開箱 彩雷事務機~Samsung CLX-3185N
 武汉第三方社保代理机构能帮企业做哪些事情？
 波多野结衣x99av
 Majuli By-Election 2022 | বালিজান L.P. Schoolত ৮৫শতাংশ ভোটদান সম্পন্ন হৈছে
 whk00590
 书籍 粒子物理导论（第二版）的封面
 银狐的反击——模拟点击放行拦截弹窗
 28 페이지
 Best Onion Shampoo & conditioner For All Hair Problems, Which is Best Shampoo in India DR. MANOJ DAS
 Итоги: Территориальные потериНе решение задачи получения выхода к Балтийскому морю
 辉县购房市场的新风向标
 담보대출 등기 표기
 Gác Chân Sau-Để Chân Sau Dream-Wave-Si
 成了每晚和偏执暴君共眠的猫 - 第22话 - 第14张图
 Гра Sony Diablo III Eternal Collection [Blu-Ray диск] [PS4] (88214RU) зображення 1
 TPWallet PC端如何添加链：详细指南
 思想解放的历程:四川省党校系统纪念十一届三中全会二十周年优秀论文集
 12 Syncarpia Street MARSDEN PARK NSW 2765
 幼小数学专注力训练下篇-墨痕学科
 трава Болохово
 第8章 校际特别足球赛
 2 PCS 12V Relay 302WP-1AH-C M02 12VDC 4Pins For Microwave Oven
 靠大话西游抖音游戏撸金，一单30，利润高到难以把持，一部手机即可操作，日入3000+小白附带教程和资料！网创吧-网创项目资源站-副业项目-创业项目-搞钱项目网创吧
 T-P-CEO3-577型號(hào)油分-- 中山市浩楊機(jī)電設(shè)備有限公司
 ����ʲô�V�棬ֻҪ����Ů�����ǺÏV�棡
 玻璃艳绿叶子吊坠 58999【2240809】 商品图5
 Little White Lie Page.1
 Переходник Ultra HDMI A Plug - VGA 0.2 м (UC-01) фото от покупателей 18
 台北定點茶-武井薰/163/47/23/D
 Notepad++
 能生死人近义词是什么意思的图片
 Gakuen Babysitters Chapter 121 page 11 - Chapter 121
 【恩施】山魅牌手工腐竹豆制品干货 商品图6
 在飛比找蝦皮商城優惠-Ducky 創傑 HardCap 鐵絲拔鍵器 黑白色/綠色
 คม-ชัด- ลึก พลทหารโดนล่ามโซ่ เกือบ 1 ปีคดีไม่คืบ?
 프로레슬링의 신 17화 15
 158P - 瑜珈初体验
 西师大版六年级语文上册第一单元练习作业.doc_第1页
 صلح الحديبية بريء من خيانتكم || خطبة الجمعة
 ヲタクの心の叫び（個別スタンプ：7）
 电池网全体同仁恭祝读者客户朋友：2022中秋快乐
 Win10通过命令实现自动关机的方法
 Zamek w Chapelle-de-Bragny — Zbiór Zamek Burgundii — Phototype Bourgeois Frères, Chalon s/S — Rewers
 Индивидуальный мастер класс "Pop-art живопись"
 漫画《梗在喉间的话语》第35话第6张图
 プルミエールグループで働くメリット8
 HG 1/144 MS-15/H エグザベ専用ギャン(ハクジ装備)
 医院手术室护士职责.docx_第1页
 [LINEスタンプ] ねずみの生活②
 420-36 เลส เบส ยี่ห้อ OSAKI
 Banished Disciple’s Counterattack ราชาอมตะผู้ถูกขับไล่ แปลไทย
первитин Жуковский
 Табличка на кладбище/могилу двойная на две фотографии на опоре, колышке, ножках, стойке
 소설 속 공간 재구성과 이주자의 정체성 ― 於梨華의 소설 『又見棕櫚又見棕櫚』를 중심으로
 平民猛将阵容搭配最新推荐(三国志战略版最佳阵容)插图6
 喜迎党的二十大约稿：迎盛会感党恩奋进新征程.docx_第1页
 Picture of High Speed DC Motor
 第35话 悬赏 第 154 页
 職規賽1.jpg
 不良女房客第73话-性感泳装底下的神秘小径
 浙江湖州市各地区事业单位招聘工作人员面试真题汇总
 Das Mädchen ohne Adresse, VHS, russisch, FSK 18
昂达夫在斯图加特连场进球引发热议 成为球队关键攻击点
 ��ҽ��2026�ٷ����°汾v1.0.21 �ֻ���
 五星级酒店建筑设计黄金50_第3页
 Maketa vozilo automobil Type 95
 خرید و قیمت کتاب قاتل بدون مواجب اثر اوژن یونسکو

> [Task goal] All lines from the top of the data through the line containing "Best Onion Shampoo" need to be retyped exactly, and nothing more.

> [Output of the exercise]
開箱 彩雷事務機~Samsung CLX-3185N
 武汉第三方社保代理机构能帮企业做哪些事情？
 波多野结衣x99av
 Majuli By-Election 2022 | বালিজান L.P. Schoolত ৮৫শতাংশ ভোটদান সম্পন্ন হৈছে
 whk00590
 书籍 粒子物理导论（第二版）的封面
 银狐的反击——模拟点击放行拦截弹窗
 28 페이지
 Best Onion Shampoo & conditioner For All Hair Problems, Which is Best Shampoo in India DR. MANOJ DAS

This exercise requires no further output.